Sunday Night Journal — February 25, 2007
02/26/2007
Chickens, Eggs, and Spirits
I’ve thought for many years that Jung was onto something with his idea of a collective unconscious, a subterranean movement of thought and sentiment that affects many people at once and may produce similar manifestations simultaneously in different places. There are a number of examples of this in the history of science and mathematics, the most famous being the simultaneous discovery of calculus by Newton and Leibniz. Two recent and very different discussions here have me thinking about this phenomenon: the one about the role and power of materialist evolutionary thinking, and the one about the role played by the baby boom generation in various developments of the last forty years or so.
In the discussion of evolutionism (meaning a Dawkins- or Dennet-style commitment to materialistic evolution as an all-explaining paradigm), the question was raised as to whether a way of speaking based on material facts helped to form the way people thought, or whether the thought formed the language. No doubt this is an unanswerable question; we can assume a sort of feedback effect where each reinforced the other, but we can’t say where the germ was. And we really can’t say why it flourished at the time and place that it did. We can only fall back on statements like the time was ripe or the world was ready or it was an idea whose time had come.
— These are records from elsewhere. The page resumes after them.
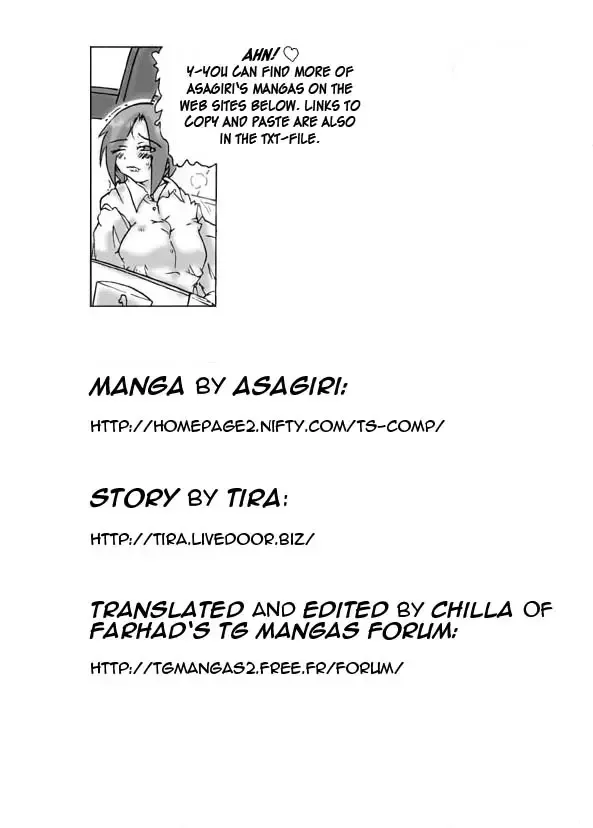 [Asagiri] Let's go by two! Fhentai - Page 21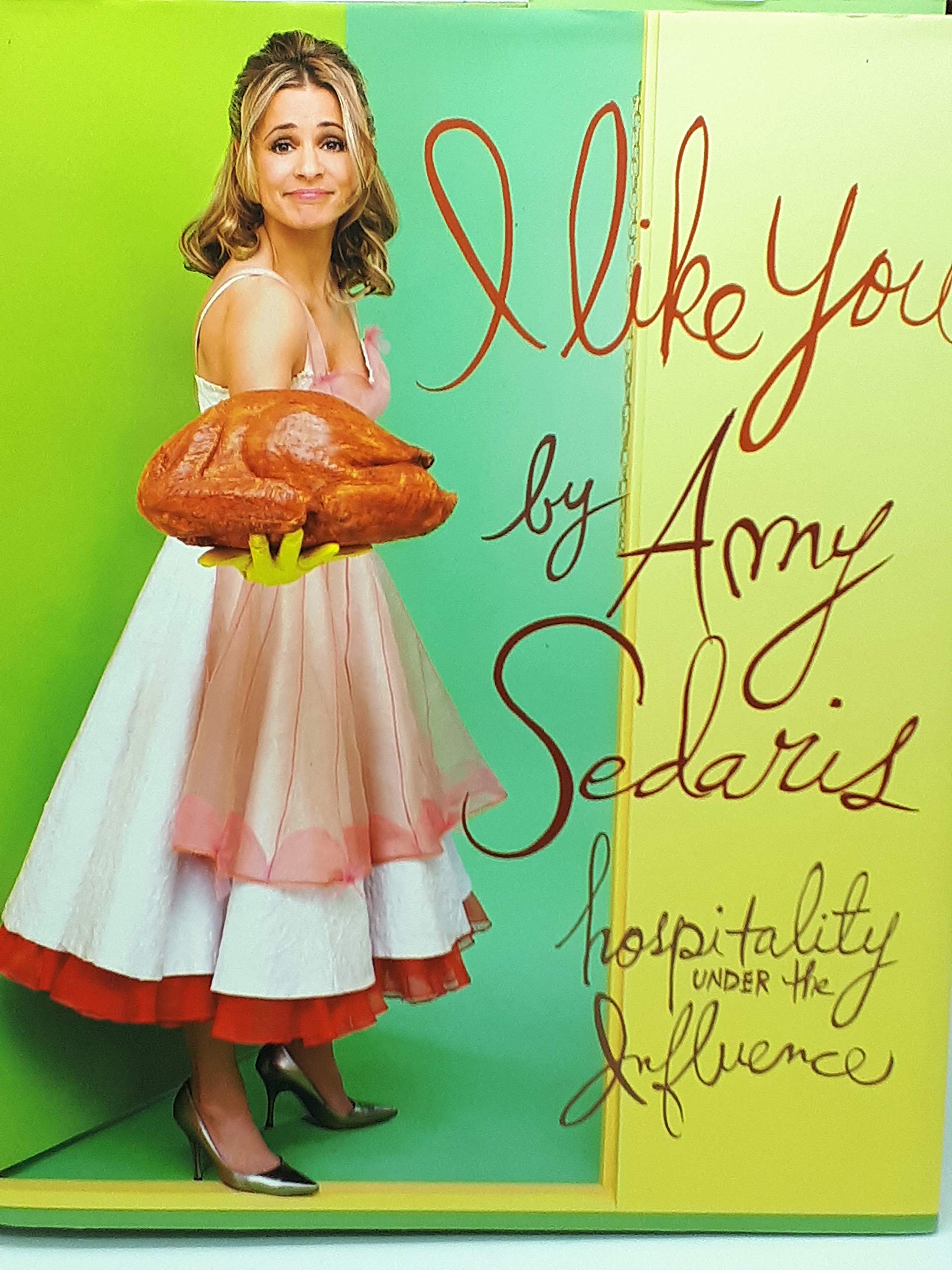 I Like You: Hospitality Under the Influence Film, Art & Culture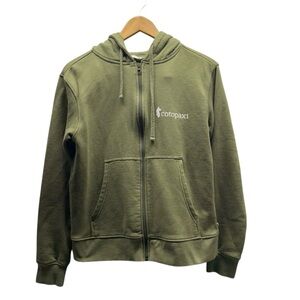 Cotopaxi Organic Full Zip Hoodie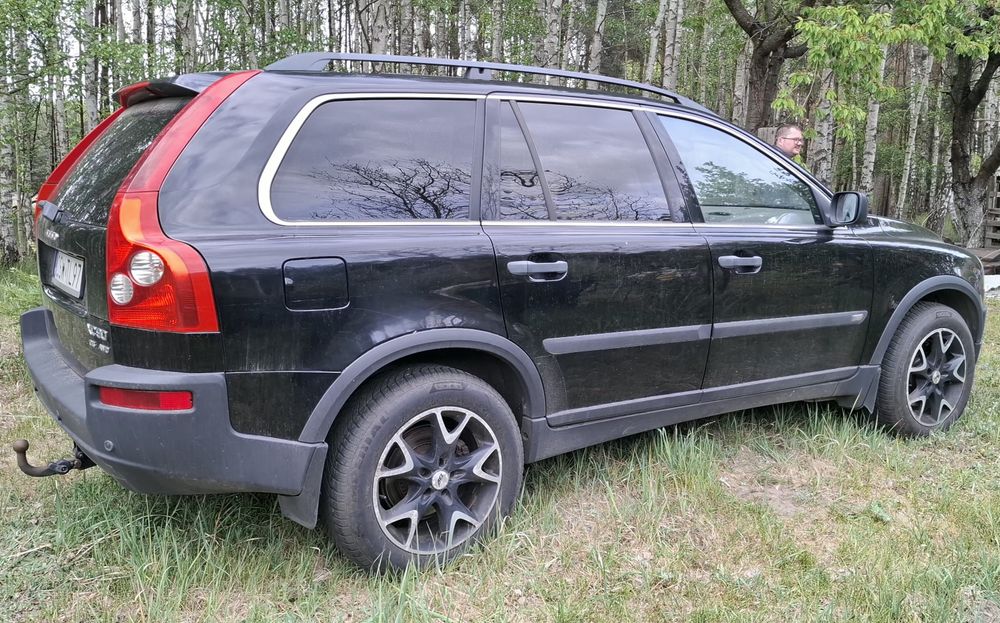 Volvo xc 90 2.4 D5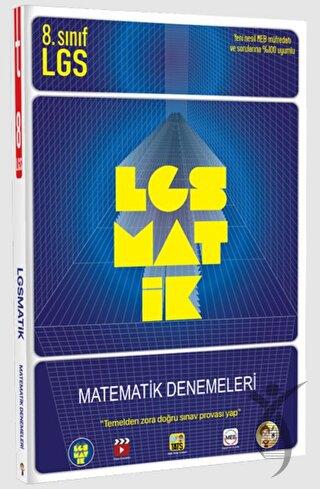 8. Sınıf LGSmatik Matematik Denemeleri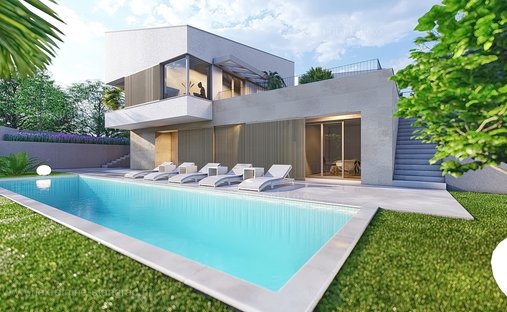 House in Malinska, Primorje-Gorski Kotar County, Croatia 1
It’s not that no one had ever thought this way before—some of the Greeks did, and I’m sure someone who knows more history than I do could supply more instances. Why did it catch on in the post-medieval West, to the point where it became a potent and even dominant cultural force? Of course we can come up with some answers to these questions, noting cultural movements that seemed to prepare the ground, and following lines of propagation. Advocates of materialism might say that people recognized its truth; opponents might say that it appealed to the ever-present human desire to escape the truth. But those are only more detailed versions of the world was ready. Why was it not ready in the time of Democritus?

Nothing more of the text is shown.